> DATA EXCERPTS
* * *

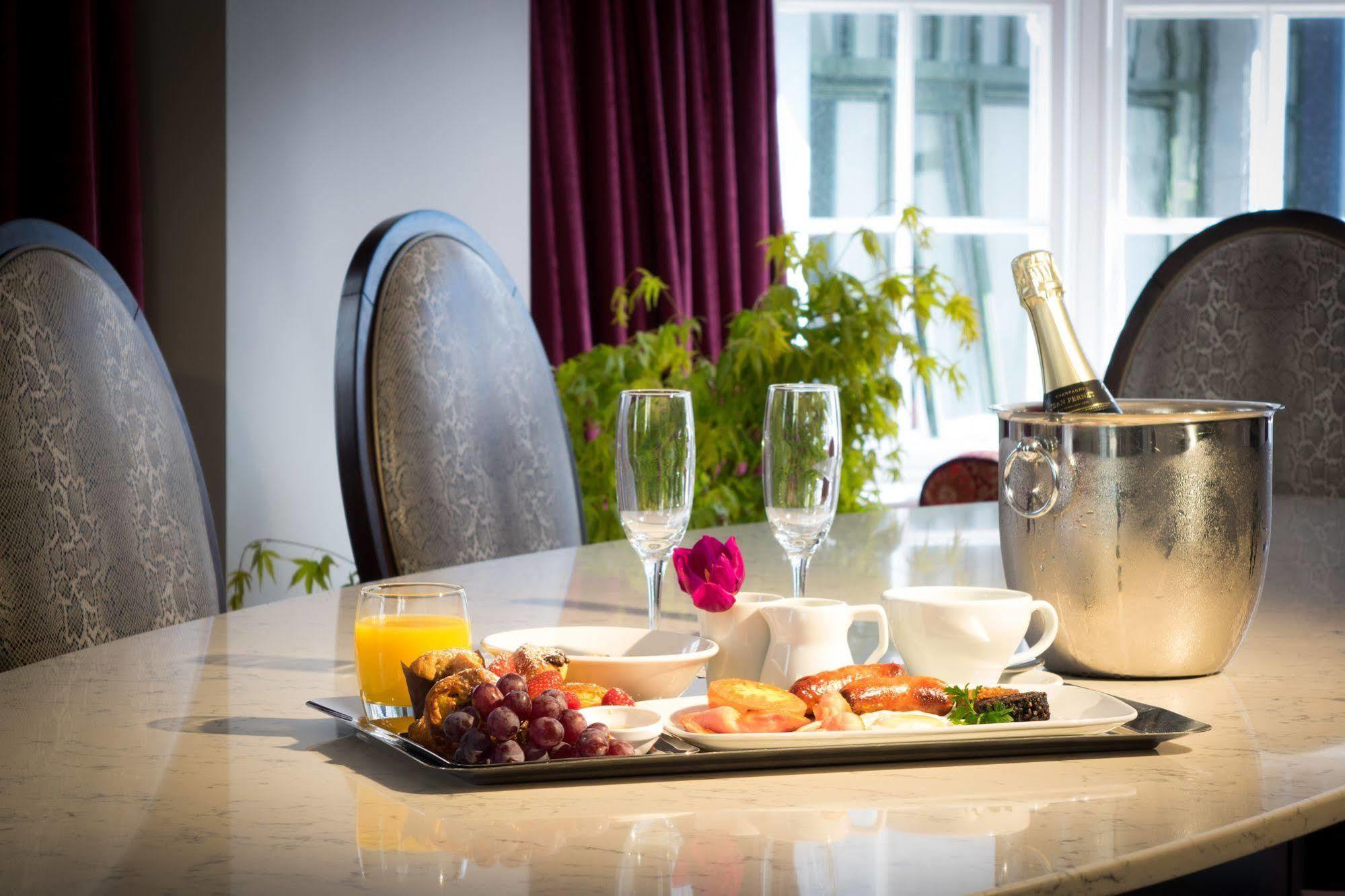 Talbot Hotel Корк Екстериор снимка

* * *

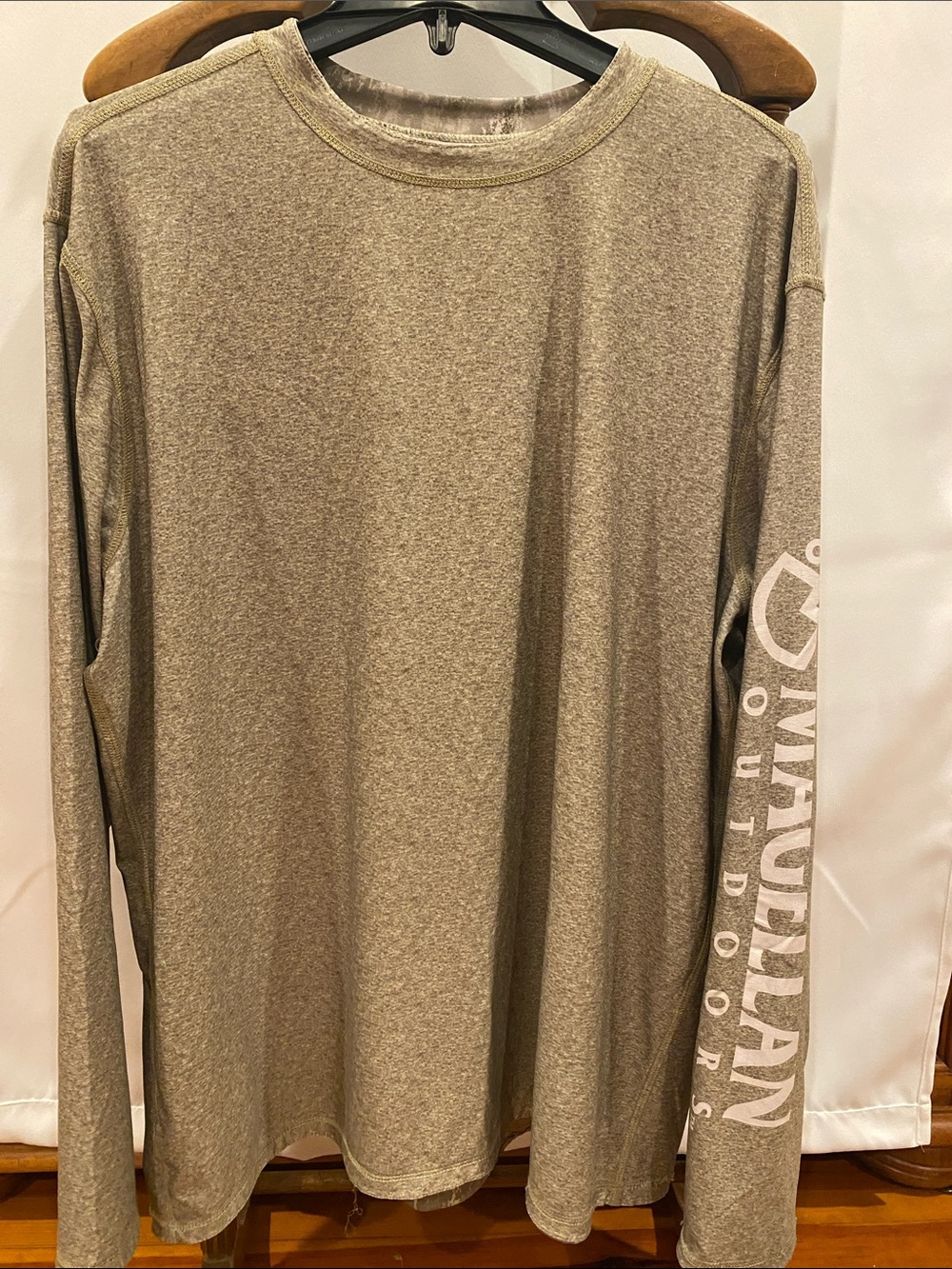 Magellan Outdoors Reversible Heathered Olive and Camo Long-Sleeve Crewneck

* * *

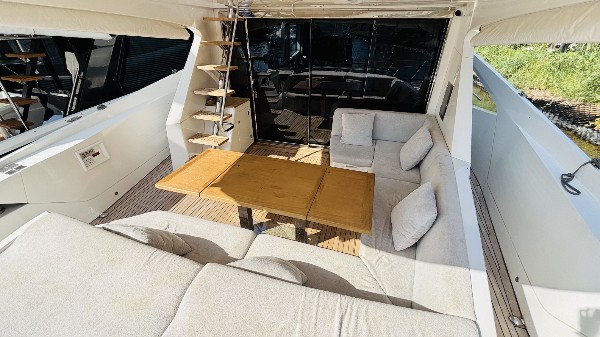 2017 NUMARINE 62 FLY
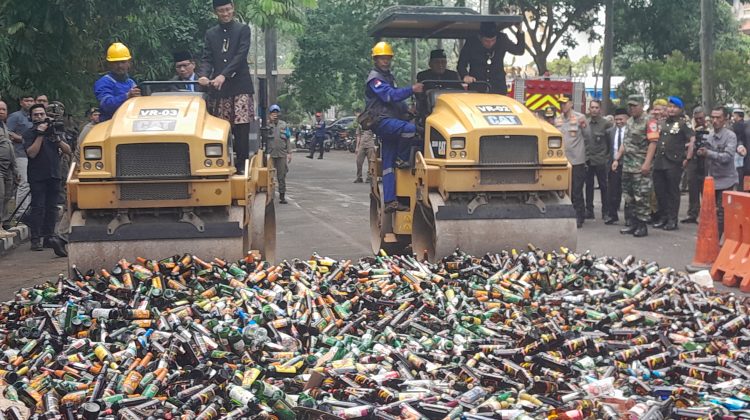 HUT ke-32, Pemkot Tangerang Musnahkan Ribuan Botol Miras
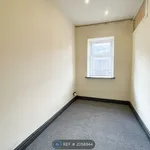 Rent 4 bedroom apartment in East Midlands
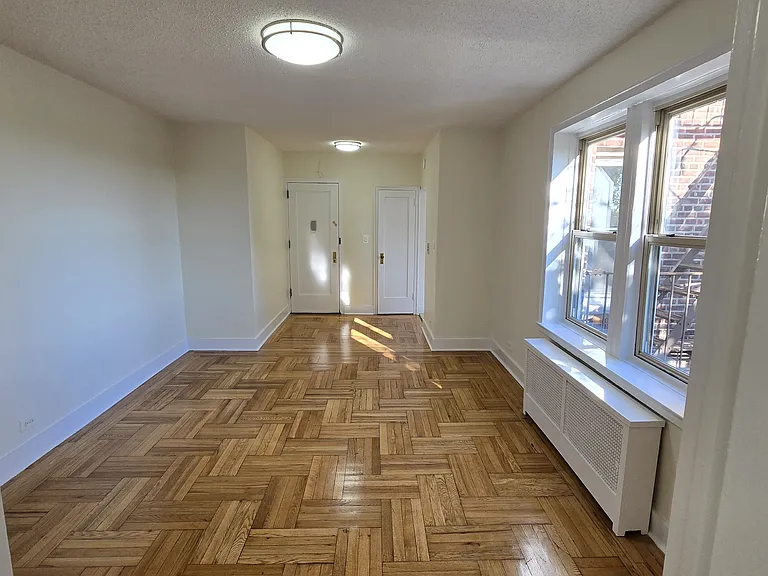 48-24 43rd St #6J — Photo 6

* * *

> TASK DESCRIPTION
Return the lines above from the one with "HUT ke-32, Pemkot" through the one with "48-24 43rd St #6J — Photo 6", verbatim and nothing else. Omit every picture.

> ANSWER TO THE PROBLEM
 HUT ke-32, Pemkot Tangerang Musnahkan Ribuan Botol Miras
 Rent 4 bedroom apartment in East Midlands
 48-24 43rd St #6J — Photo 6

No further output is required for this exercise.